(Dataset entries)
+++

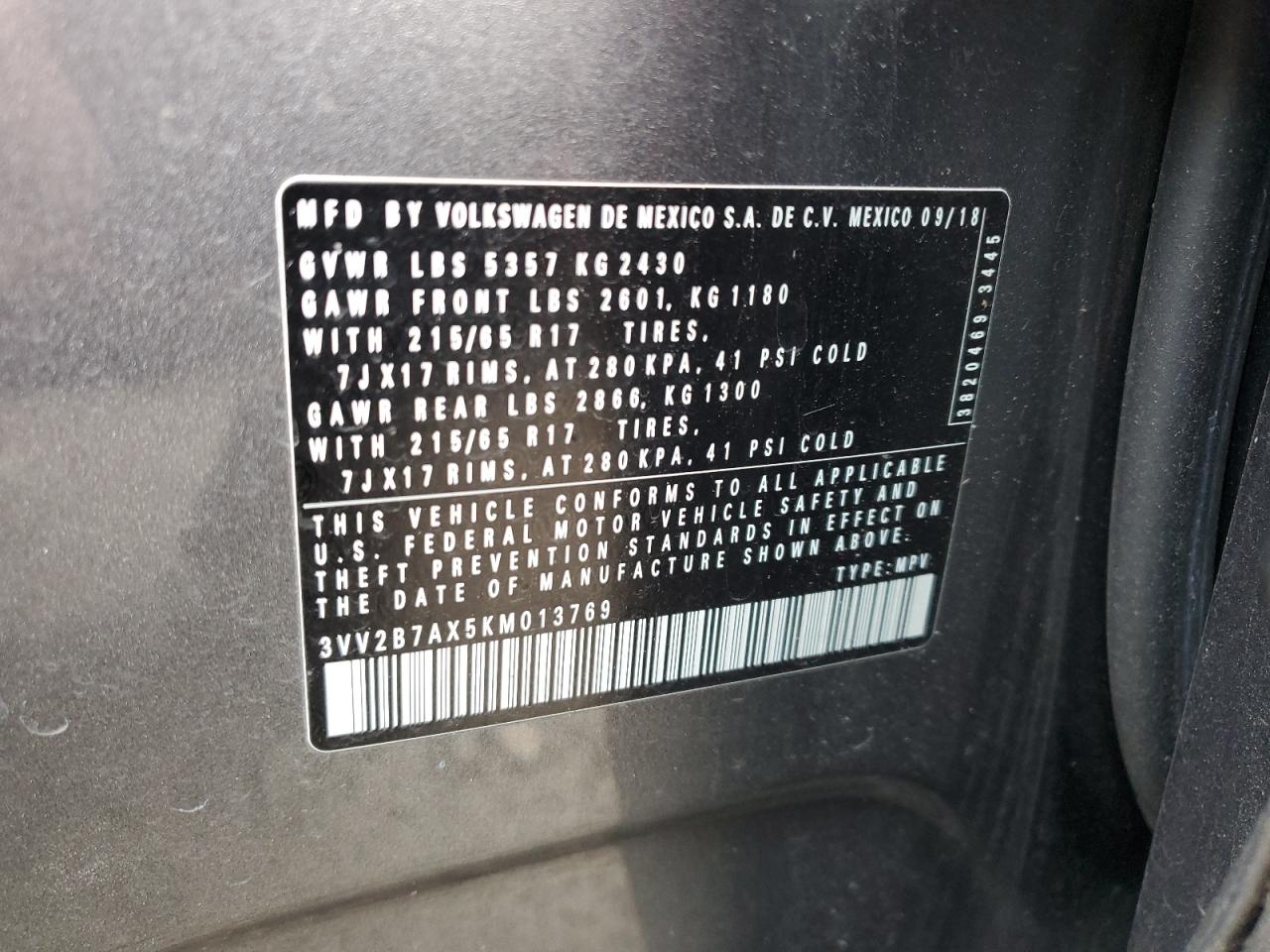 2019 Volkswagen Tiguan - Image 13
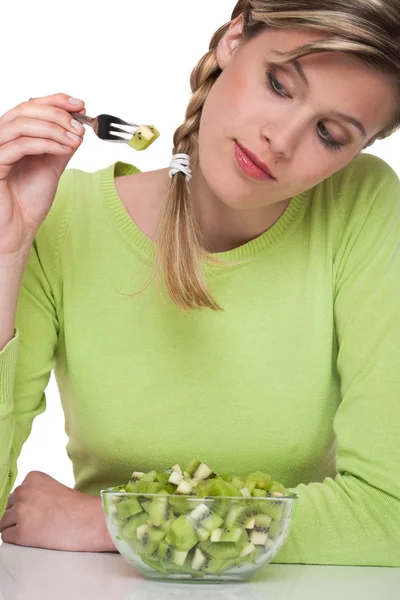Zdrowy styl życia serii - kobieta jedzenie kiwi — Zdjęcie stockowe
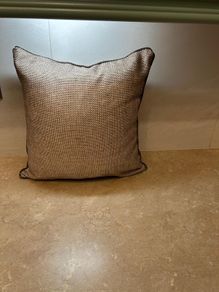 cushions set of four NEW  18ins x18ins  from a smoke and pet free home
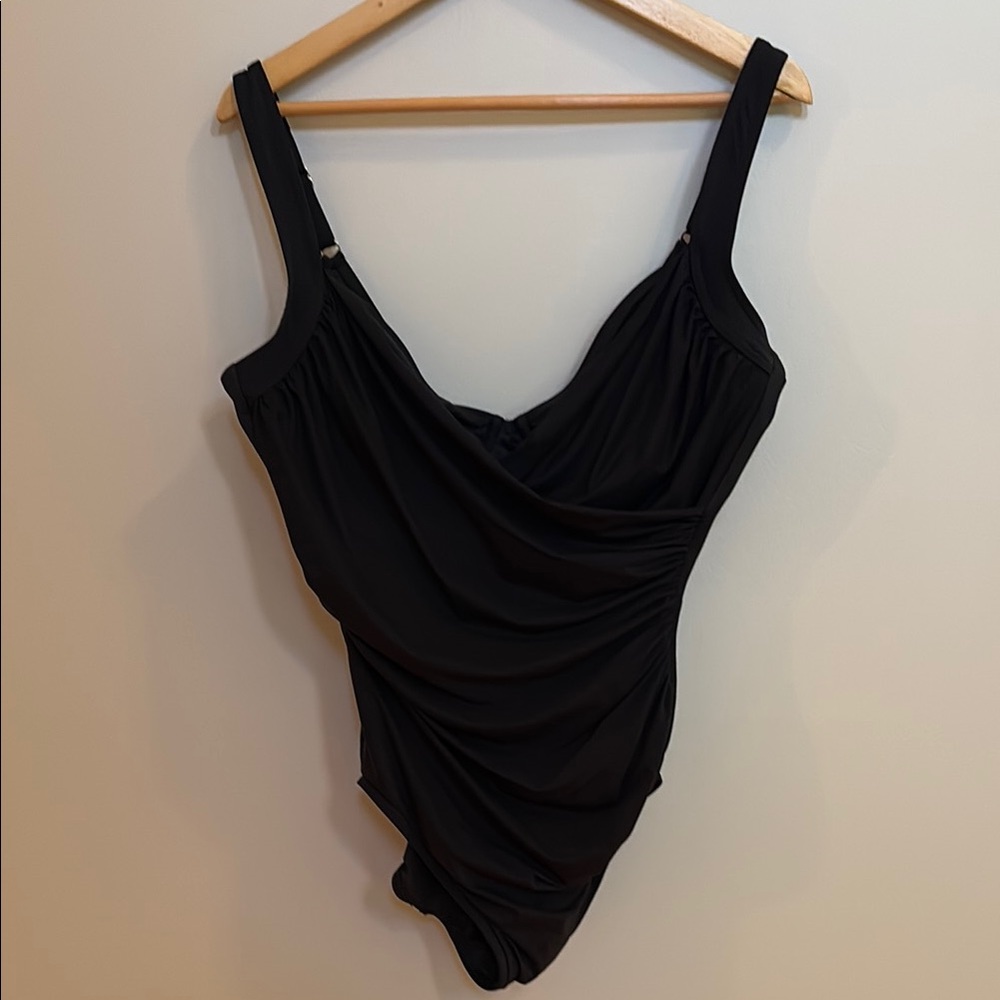 Miraclesuit-size tag has been removed but appears to be a size 14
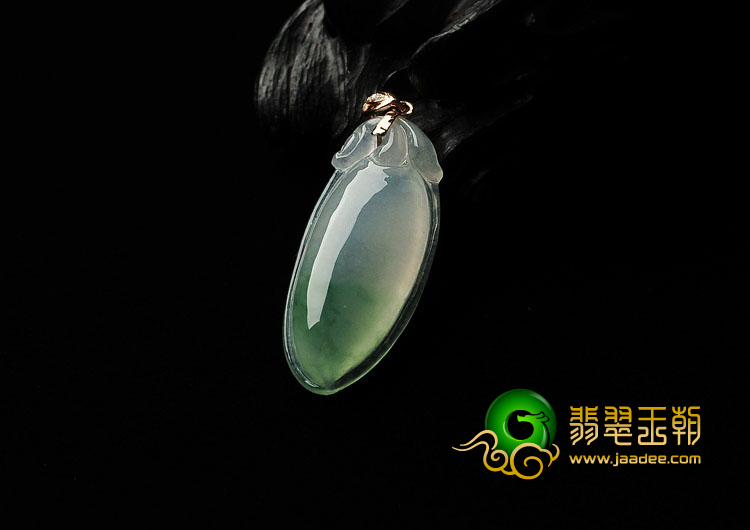 冰种飘花缅甸翡翠A货福瓜挂件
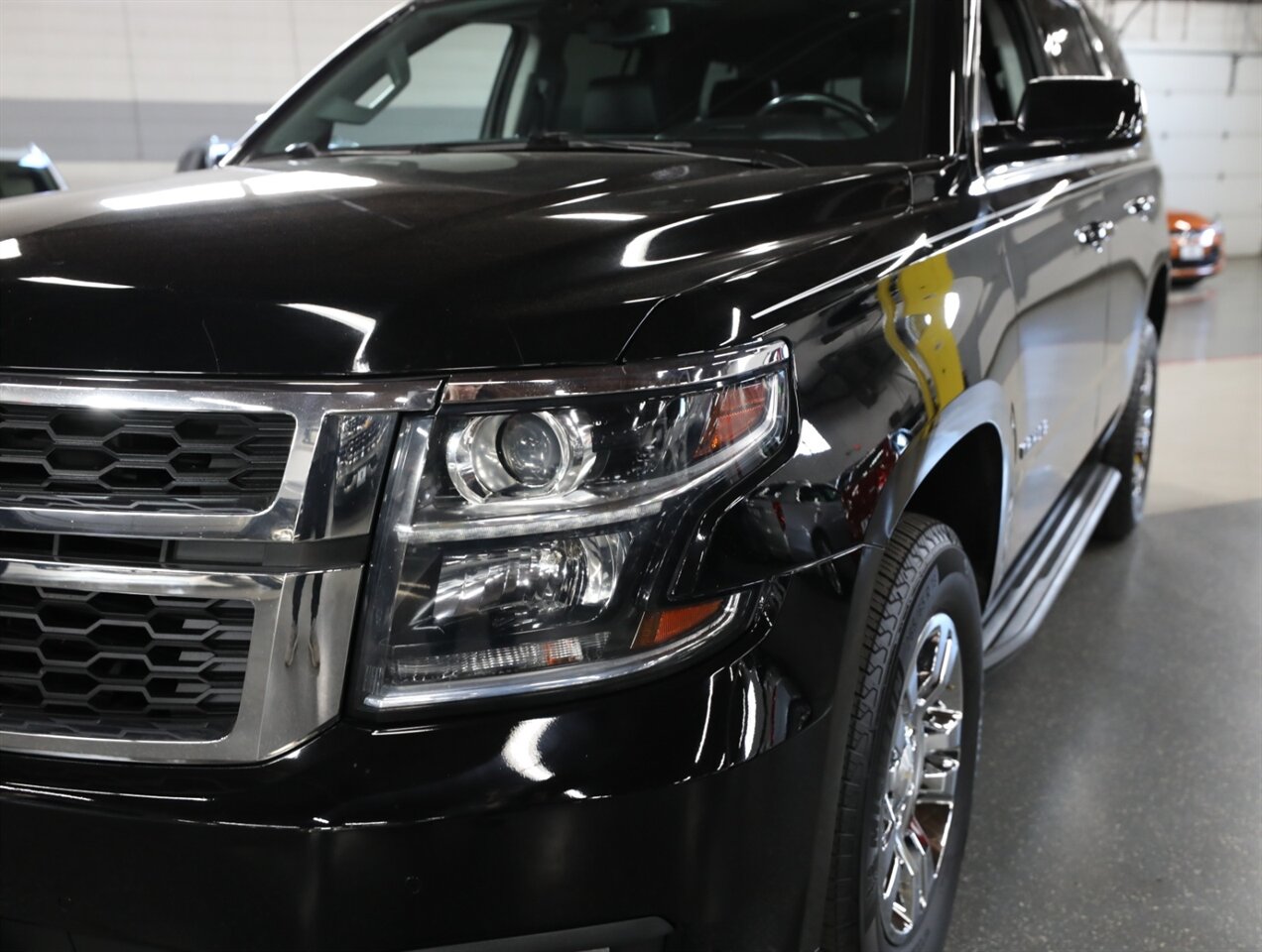 2020 Chevrolet Tahoe LT 4WD - Photo 5 - Addison, IL 60101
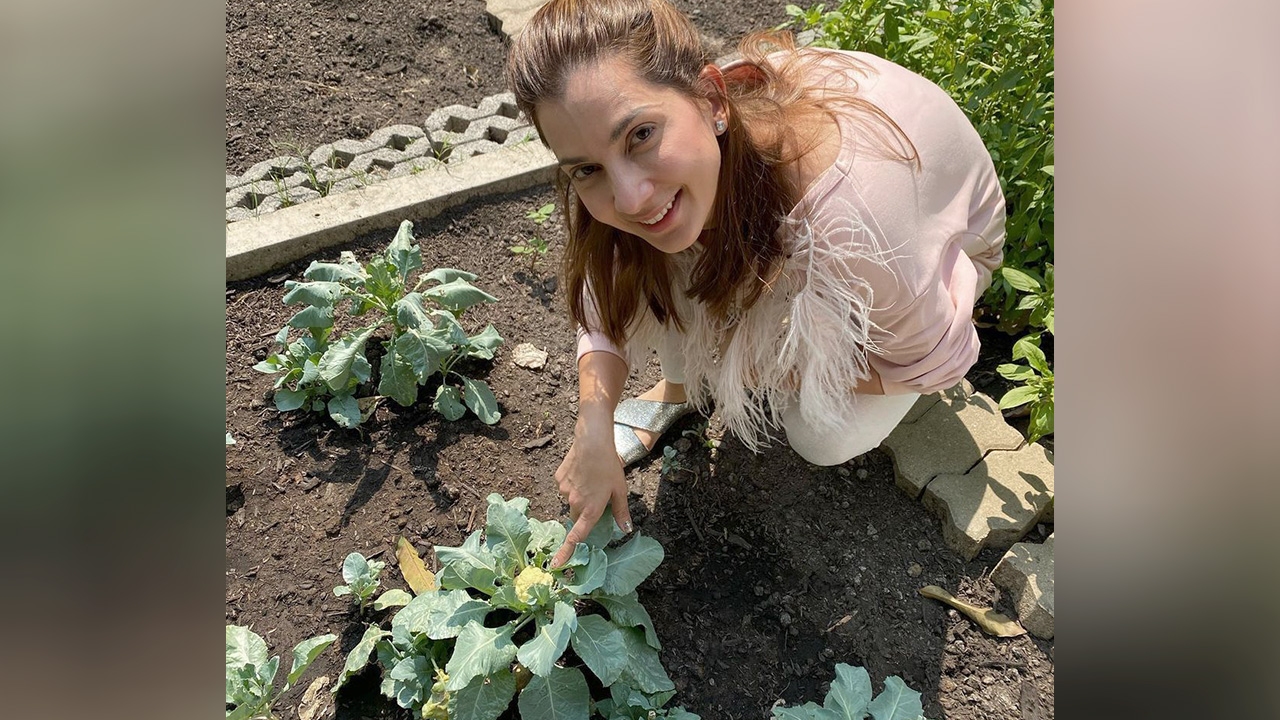 เปิ้ล ภารดี กรี๊ดลั่นแปลงผัก ไม่อยากเชื่ออดีตชะนีขี้เมาจะปลูกผักขึ้น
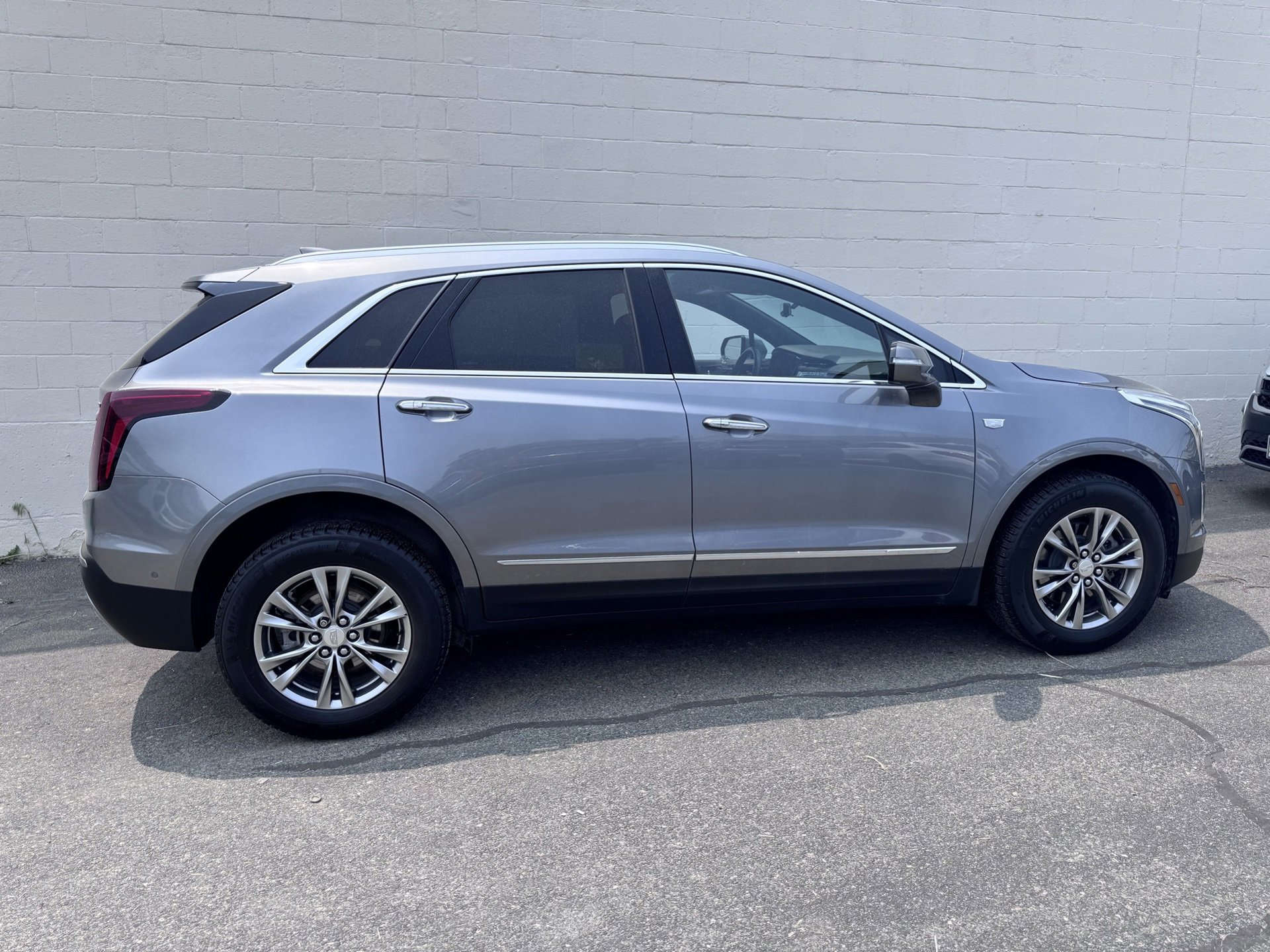 Used 2021 Cadillac XT5 Premium Luxury image 6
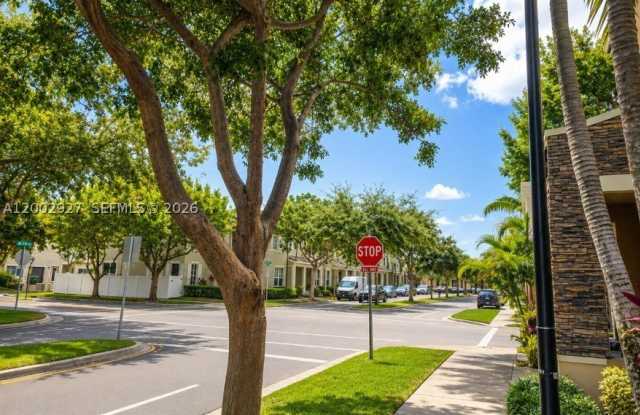 9160 SW 171st Ct Gallery 1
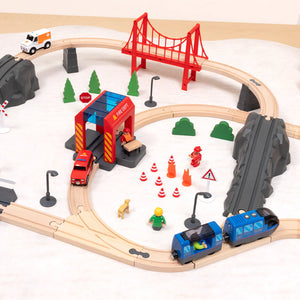 Pista de Tren con Estación de Bomberos y Accesorios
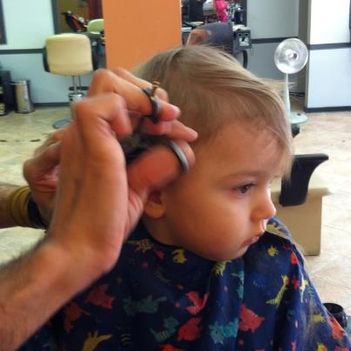 Andreas' first haircut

+++

§ **Exercise instructions**:
Without the pictures, give back every record precisely as shown.

§ **Solution to this problem**:
 2019 Volkswagen Tiguan - Image 13
Zdrowy styl życia serii - kobieta jedzenie kiwi — Zdjęcie stockowe
 cushions set of four NEW  18ins x18ins  from a smoke and pet free home
 Miraclesuit-size tag has been removed but appears to be a size 14
 冰种飘花缅甸翡翠A货福瓜挂件
 2020 Chevrolet Tahoe LT 4WD - Photo 5 - Addison, IL 60101
 เปิ้ล ภารดี กรี๊ดลั่นแปลงผัก ไม่อยากเชื่ออดีตชะนีขี้เมาจะปลูกผักขึ้น
 Used 2021 Cadillac XT5 Premium Luxury image 6
 9160 SW 171st Ct Gallery 1
 Pista de Tren con Estación de Bomberos y Accesorios
 Andreas' first haircut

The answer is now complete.